Malcolm Gladwell, Thornton May (author of The New Know: Innovation Powered by Analytics)and Tom Davenport (author of Competing on Analytics, reviewed here) made up a high powered panel for this. Various random comments follow:
- Healthcare is being used as an example by the panel as an obvious point where analytics and expertise intersect. There is a challenge to creating in experts because they need so many hours – 10,000 as Malcolm mentioned – and time pressure is making harder and harder to get this. When the number of facts you need to know to be an expert (medical specialists are often said to need to known 2,000,000 or more facts) there is a compelling need to have systems be involved. However, the different criteria for success – patients often have different, less precise criteria – mean that people are unlikely to be replaced completely by computers. The empathy of doctors, their "bedside manner" is not going to be replaced by a machine but it should be supported and given context by one.
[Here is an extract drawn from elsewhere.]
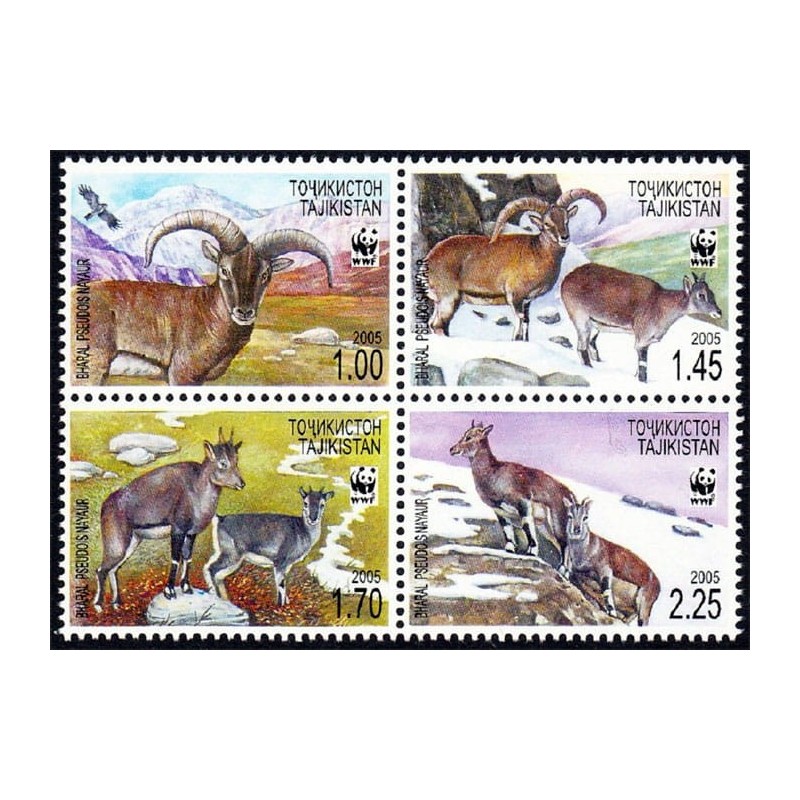 Tadżykistan 2005, WWF, wół nahur górski **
- There is a critical difference between experience-based intuition and unaided intuition or "gut feel". Businesses must value the former but what about the latter? When does one trust intuition rather than analytics. The first criteria is how often we have done this before – if we have done it before often then we should use analytics. If it is a new problem, an attempt to be radically different, then intuition is critical. The second is related – how much data do we have about the problem.
- Financial crises is a crucial test case for analytics – all these bad decisions were made by people who had sophisticated analytics. The analytics led these folks to believe they could manage all elements of risk and the analytics got into the hands of people who did not understand the limitations of the models. This is a critical issue – the executives have to be able to understand the analytics, they must be analytically informed. Similarly there is a limit to how much can be modeled, some risks for instance are just out of the ordinary (Black Swans, as they are known). Modelers must be clear these risks are not in the model. And they must make sure that everyone downstream from them understands these limitations.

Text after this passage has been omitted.